Oman was among Arab countries that withdrew their ambassadors to Syria in 2012 following Assad's violent repression of the anti-government uprising, a conflict that has killed at least half a million people and displaced 13 million internally and externally.
'Visits to the UAE and Oman have been important to [Assad's] image and process of rehabilitation in the eyes of Arab officialdom'
- Giorgio Cafiero, Gulf State Analytics
Muscat, however, maintained diplomatic contacts with Damascus, and in 2020 became the first Gulf state to reinstate its ambassador to Syria.

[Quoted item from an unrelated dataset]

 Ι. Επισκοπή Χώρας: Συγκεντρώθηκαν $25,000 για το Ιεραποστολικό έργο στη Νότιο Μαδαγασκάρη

“The Turkey-Syria earthquake has much potential to result in ‘earthquake diplomacy’, accelerating this process of more governments in the Middle East engaging with Assad as though he is a ‘normal’ Arab head of state,” Giorgio Cafiero, CEO of Washington-based geopolitical risk consultancy Gulf State Analytics said.

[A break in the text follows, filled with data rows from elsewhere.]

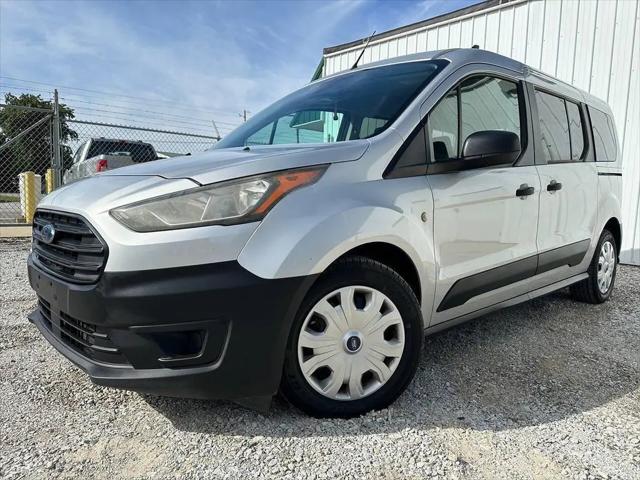 2020 Ford Transit Connect XL Passenger Wagon for sale in Reynolds, IN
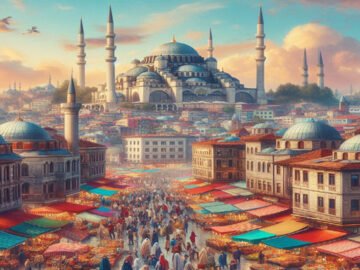 Spirit of Istanbul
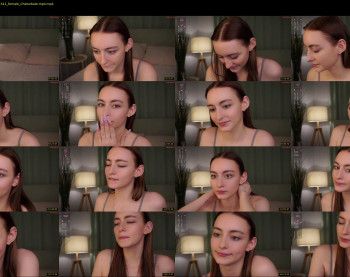 secrethustle — 121 minute Chaturbate female cam video clip, 720p, Jan 14, 2026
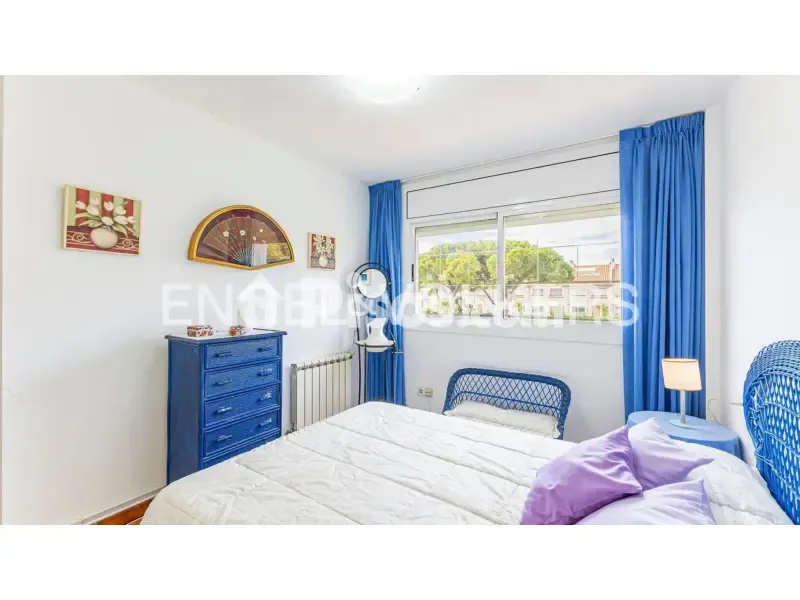 Magamistoad - Apartment with Sea View in Altafulla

Arab states have been quick to accelerate the thaw in relations with Assad following the earthquake.
Oman's ruler on Monday expressed his wish that all Arab countries would restore their ties with Syria. Several Arab countries, including Saudi Arabia and the United Arab Emirates, have already reversed their diplomatic boycott of the Assad government and sent aid to Syria following the 6 February quake.
The shifting regional winds have been swift over the last two weeks. Saudi Arabia chartered its first official flights since it broke relations with Damascus in 2012 to deliver aid following the earthquake.
The UAE followed suit with aid, and Jordan's foreign minister, Ayman Safadi, paid an official visit to the country last week, the first since the Syrian civil war started more than a decade ago, ostensibly to show support following the earthquake.
Considering the UAE and Saudi Arabia at one time funded rebels to overthrow Assad, the turnaround has been an important realignment and a natural disaster that politically at least has proved fortuitous for Damascus.
Last year, Assad made his first trip to the region, visiting the UAE and meeting Abu Dhabi's ruler Mohammed bin Zayed Al Nahyan, who in May became president of the UAE.
“Within this context, visits to the UAE and Oman have been important to his image and process of rehabilitation in the eyes of Arab officialdom," Cafiero told Middle East Eye.
Mauro Primavera, a researcher at Oasis International Foundation working at the Catholic University of Milan with a focus on Syria, places these countries, including Algeria, in a small but steadily growing pro-Damascus camp.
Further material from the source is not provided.